From the line containing "Balaji Govind, Thakurli, Thane" to the line containing "English Dress, Best" in the entries below, reproduce every line exactly, ends included. Nothing else belongs in the copy, and no pictures.

(Short web captions)
******************************

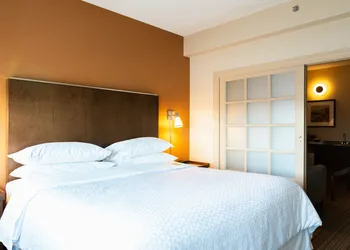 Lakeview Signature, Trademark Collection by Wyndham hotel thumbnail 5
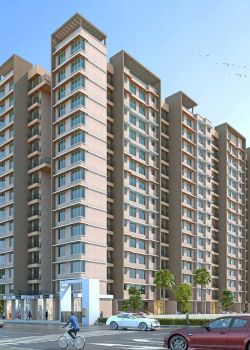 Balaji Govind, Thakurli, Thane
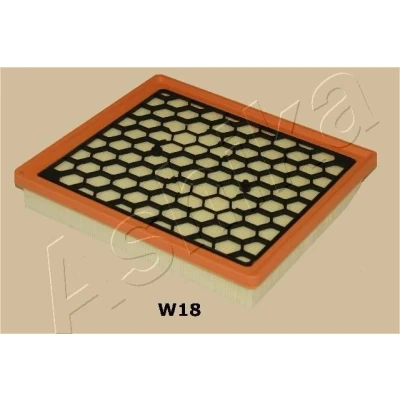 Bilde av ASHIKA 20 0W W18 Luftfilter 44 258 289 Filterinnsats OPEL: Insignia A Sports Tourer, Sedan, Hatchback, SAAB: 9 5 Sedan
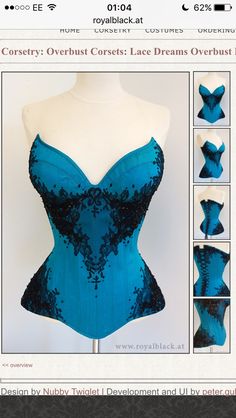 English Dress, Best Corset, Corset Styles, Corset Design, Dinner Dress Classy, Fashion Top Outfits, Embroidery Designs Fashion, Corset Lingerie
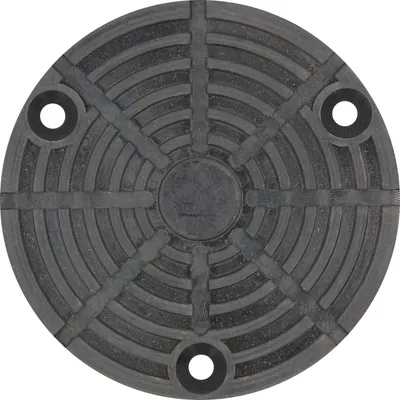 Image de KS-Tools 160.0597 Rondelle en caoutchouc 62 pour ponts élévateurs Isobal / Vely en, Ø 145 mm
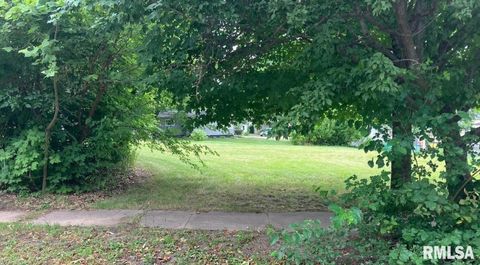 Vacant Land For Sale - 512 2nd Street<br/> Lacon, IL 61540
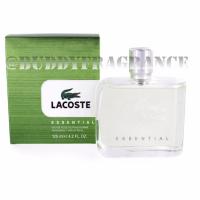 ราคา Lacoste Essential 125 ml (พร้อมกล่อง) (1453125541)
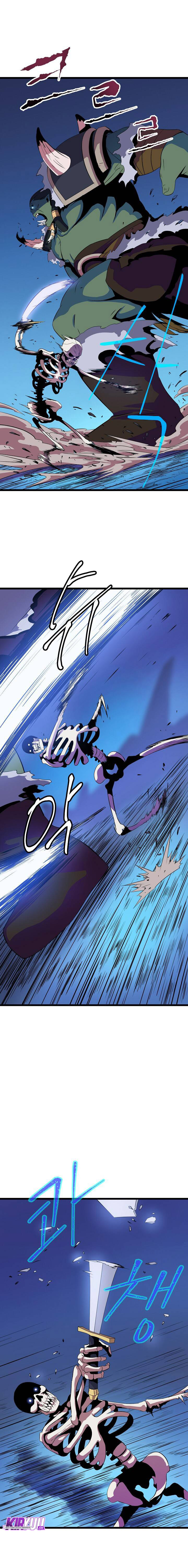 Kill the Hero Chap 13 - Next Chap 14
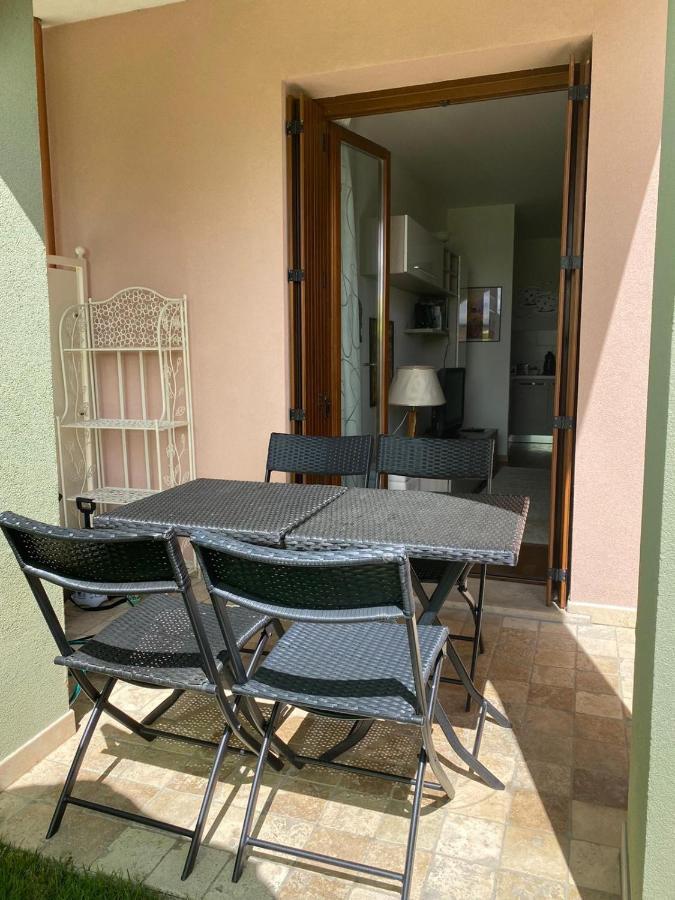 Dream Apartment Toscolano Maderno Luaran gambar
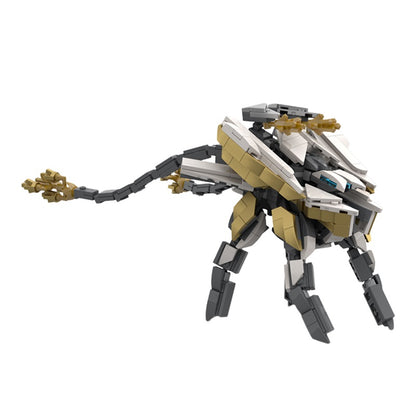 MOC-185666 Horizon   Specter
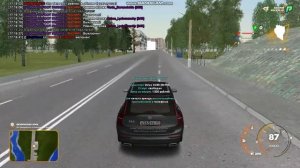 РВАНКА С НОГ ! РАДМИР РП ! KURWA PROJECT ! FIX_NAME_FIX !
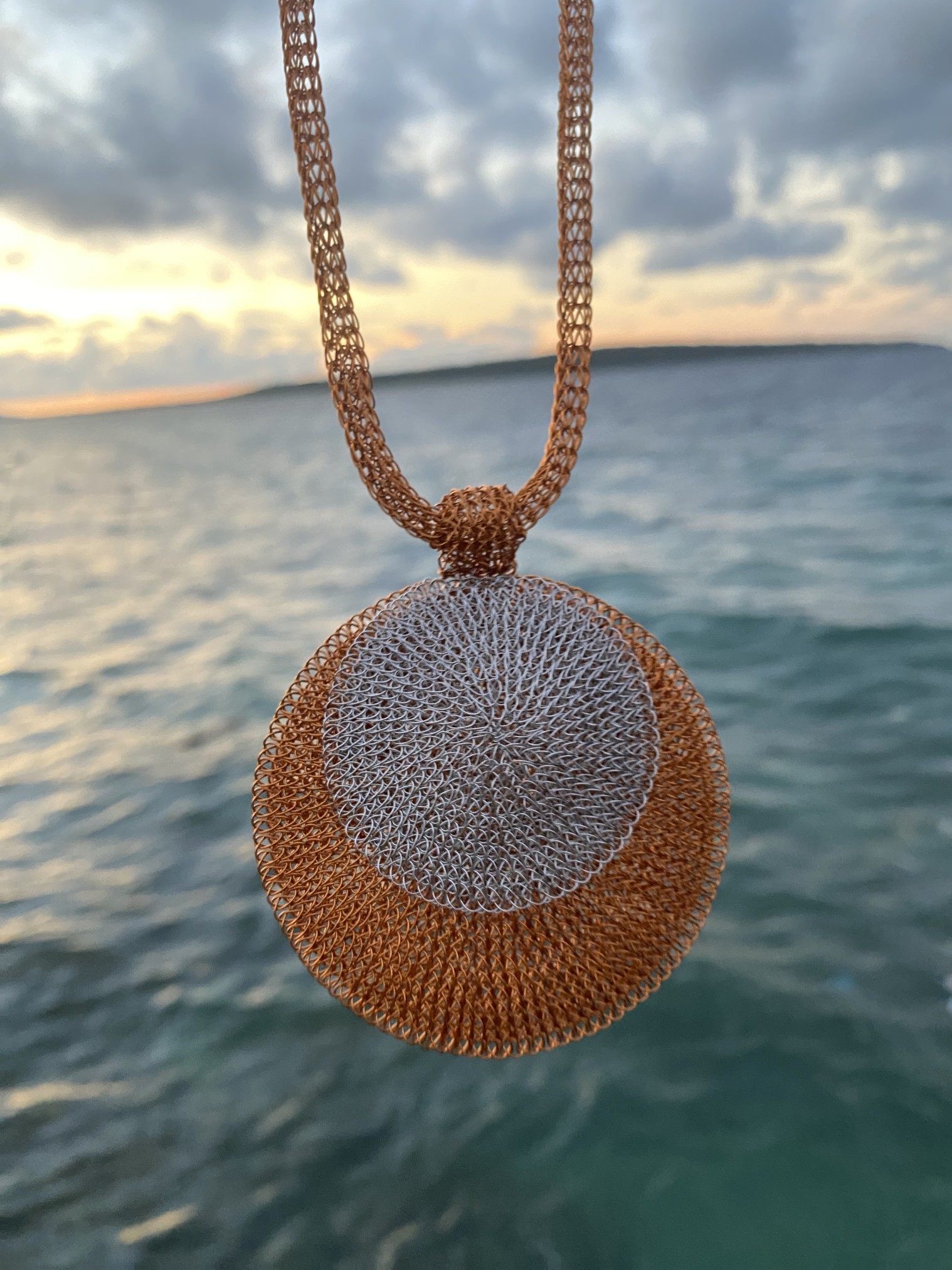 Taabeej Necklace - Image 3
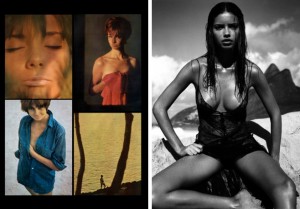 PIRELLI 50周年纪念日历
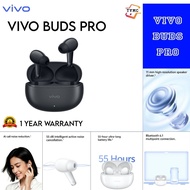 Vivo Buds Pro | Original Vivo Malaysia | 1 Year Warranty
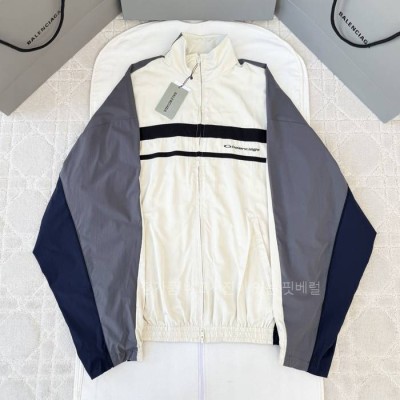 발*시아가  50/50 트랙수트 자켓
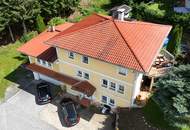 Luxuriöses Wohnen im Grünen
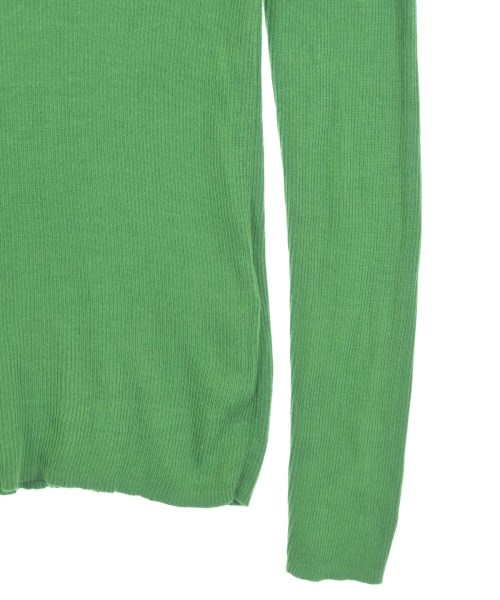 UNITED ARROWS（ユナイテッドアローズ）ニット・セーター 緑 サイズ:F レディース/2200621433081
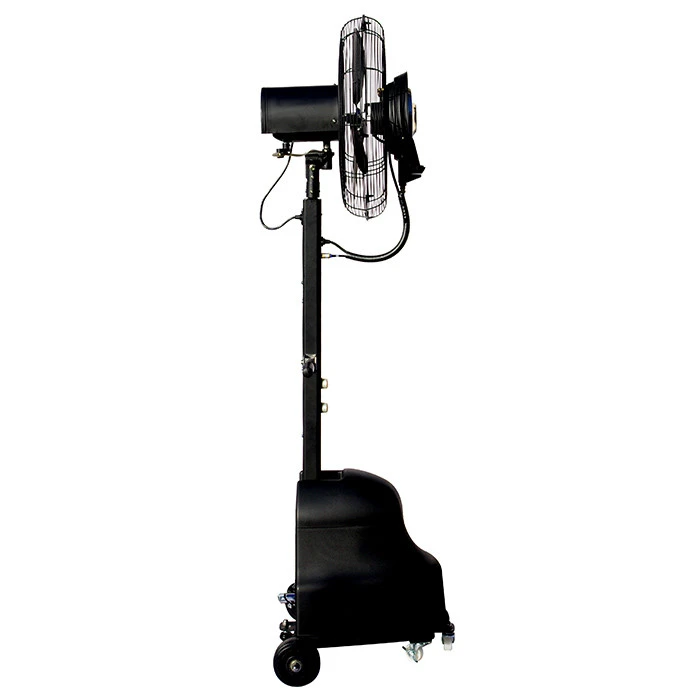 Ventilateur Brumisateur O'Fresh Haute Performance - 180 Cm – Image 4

******************************

## Solved exercise
 Balaji Govind, Thakurli, Thane
 Bilde av ASHIKA 20 0W W18 Luftfilter 44 258 289 Filterinnsats OPEL: Insignia A Sports Tourer, Sedan, Hatchback, SAAB: 9 5 Sedan
 English Dress, Best Corset, Corset Styles, Corset Design, Dinner Dress Classy, Fashion Top Outfits, Embroidery Designs Fashion, Corset Lingerie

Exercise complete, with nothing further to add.